## What needs to be done
Keep the pictures out of the copy and print all the entries below exactly.

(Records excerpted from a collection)
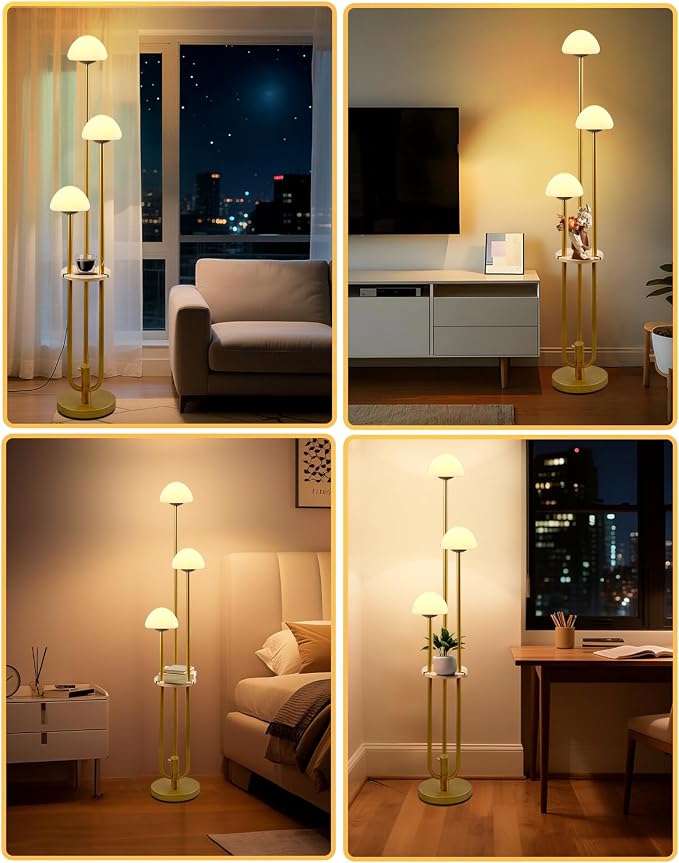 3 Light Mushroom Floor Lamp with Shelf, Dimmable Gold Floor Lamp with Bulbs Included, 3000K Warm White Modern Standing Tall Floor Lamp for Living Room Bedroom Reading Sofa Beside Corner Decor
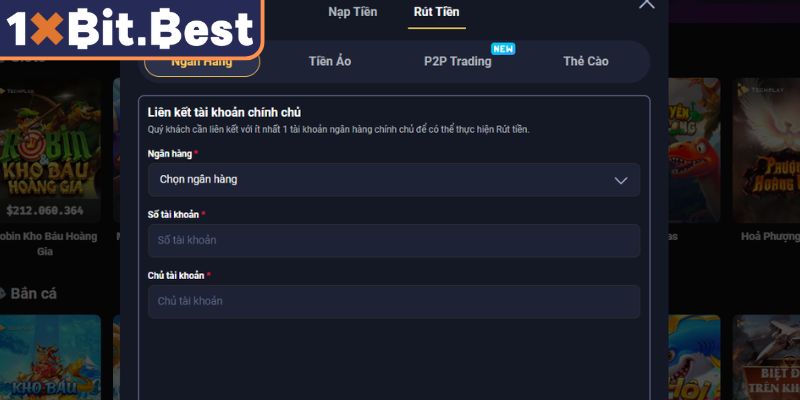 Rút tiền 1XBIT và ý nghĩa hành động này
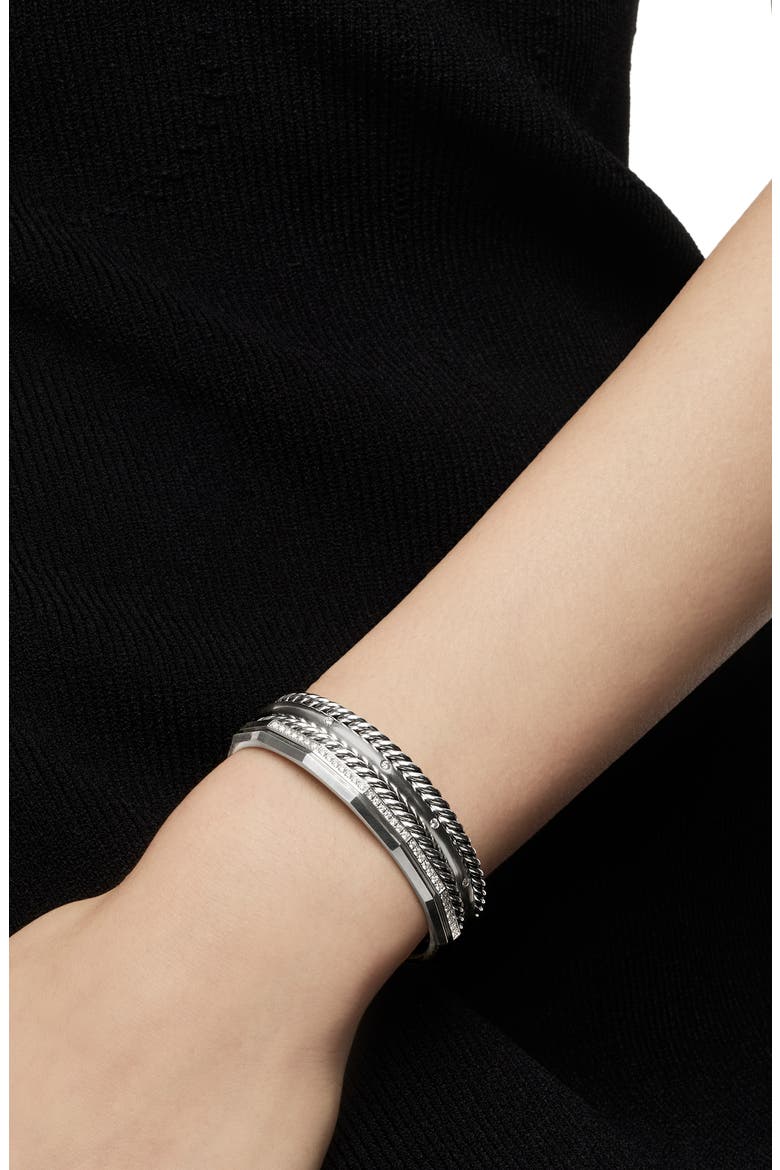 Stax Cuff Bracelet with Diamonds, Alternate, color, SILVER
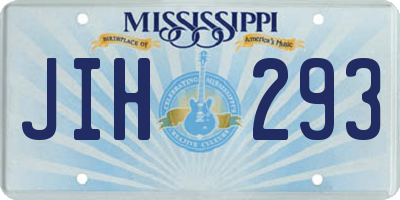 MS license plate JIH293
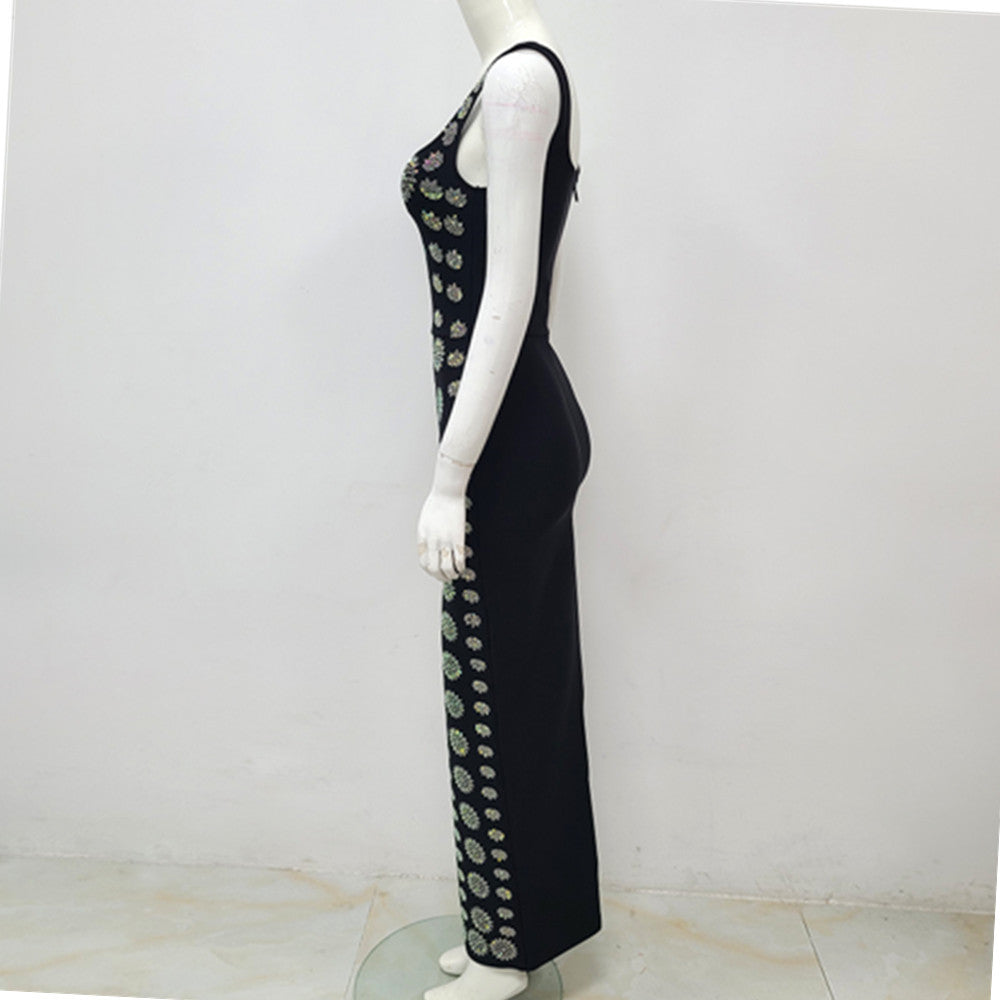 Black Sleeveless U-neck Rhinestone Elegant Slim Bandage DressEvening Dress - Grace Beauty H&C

## Exercise output
 3 Light Mushroom Floor Lamp with Shelf, Dimmable Gold Floor Lamp with Bulbs Included, 3000K Warm White Modern Standing Tall Floor Lamp for Living Room Bedroom Reading Sofa Beside Corner Decor
 Rút tiền 1XBIT và ý nghĩa hành động này
 Stax Cuff Bracelet with Diamonds, Alternate, color, SILVER
 MS license plate JIH293
 Black Sleeveless U-neck Rhinestone Elegant Slim Bandage DressEvening Dress - Grace Beauty H&C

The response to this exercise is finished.